[Stored items]
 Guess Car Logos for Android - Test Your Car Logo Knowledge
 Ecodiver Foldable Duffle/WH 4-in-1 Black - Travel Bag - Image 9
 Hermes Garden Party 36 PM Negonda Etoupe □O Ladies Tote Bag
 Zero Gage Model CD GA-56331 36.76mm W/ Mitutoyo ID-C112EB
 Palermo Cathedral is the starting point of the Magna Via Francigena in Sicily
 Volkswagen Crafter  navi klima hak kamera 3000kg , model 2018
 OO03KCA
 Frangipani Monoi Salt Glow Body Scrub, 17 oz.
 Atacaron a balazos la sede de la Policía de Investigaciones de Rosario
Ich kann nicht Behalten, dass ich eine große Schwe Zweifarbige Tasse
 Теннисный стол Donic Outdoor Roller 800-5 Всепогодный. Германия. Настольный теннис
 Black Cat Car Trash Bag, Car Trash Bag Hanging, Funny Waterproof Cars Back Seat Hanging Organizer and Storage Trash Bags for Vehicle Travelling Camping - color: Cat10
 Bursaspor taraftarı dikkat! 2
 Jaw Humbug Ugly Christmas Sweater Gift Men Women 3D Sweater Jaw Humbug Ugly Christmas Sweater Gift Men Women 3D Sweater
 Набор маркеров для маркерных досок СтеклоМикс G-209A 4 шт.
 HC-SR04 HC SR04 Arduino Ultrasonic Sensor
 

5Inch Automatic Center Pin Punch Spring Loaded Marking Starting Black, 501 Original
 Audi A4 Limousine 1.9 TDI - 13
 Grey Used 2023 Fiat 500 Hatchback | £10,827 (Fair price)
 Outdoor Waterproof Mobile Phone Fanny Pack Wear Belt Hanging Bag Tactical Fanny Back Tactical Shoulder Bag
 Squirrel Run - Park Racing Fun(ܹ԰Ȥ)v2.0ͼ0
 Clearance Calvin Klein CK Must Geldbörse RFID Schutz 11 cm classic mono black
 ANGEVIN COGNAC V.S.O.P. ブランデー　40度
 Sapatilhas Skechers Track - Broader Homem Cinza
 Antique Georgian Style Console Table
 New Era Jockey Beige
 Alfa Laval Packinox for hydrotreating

Problem: Start at the line containing "Sapatilhas Skechers Track" and transcribe through the end of the entries. Please keep both ends and add nothing.

Task answer:
 Sapatilhas Skechers Track - Broader Homem Cinza
 Antique Georgian Style Console Table
 New Era Jockey Beige
 Alfa Laval Packinox for hydrotreating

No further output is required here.